In the last picture I actually had one of the shafts out. Neither one is mushroom and both came out fine. I really think that this unit has been rebuilt at one point since the caps are marked and since I have had no real problems. I think I will put new gaskets and seals and run it. I had it in my car running low 13s behind a big block with no problems. I have read the threads on how to rebuild the differential but cant seem to find anything on what I need to check for before I put it back togeather. Anyone know what I need to check for other than cracks, wear and side yoke end play?
In the last picture I actually had one of the shafts out. Neither one is mushroom and both came out fine. I really think that this unit has been rebuilt at one point since the caps are marked and since I have had no real problems. I think I will put new gaskets and seals and run it. I had it in my car running low 13s behind a big block with no problems. I have read the threads on how to rebuild the differential but cant seem to find anything on what I need to check for before I put it back togeather. Anyone know what I need to check for other than cracks, wear and side yoke end play?
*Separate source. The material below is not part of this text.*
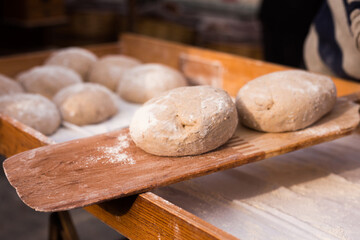 bread preparation. loaves of dough before baking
Oh yea. Looks much better with my glasses on. I should have put them on before posting this. Refill it with clean fluid and have at it.
Looks like a typical stock rebuild, which isn't saying much. someone was in there before as you noted the witness marks.
Can't see much from what you show but I didn't see any posi case marks from the pinion. The Torrington yoke bearings are correct,should be full complement no cage bearings.The yokes appear good, if there is no center drill hole in the face they are rebuilt yokes, most likely from Lonestar. The posi case is rough cast with the stock springs and plates.
The cheapest upgrade you can do now is to replace the hex head bolts in the cap with socket heads. Look at the shims under the caps, if it was a good rebuild you'll see steel shims, otherwise if you see solid cast shims those are factory. If they were tight,as they should be, they will break hammering in unless a spreader was used.
You can check the lash and pattern now. Look for uniform pattern and between 005-008 lash. Look at the side of the ring gear, if original you'll see GM, the tooth count,and date code on the side. If Richmond a doube DD, if US or Toms' a G logo,no logo- imported.
Good luck with it, use GM additive, lucas 85-140 oil and watch it if you continue to abuse it in that setup, it will break given enough abuse. I replaced many broken ones with engine HP under 400 but a lot of abuse and shock loading.
Had to go ahead and tear the whole unit apart. Did not like the noise I was hearing from one of the sides and turns out I had a bad bearing. No damage to the yoke or housing. Now it is time to be honest with myself and need some advice. I plan on putting a 496 with about 550 HP at the crank with a 125HP nitrous shot on this car.
3 questions:
1. What should I do now that I have had to take it apart to support these numbers?
2. Any suggestions if I need to replace the ring and pinion as to what ratio? Plan on using a TKO 600 with .64 overdrive. Current ratio is 3.55.
3. How do you get the bearings off the sides of the posi unit. Just broke my 2 jaw puller and the bad bearing still did not come off?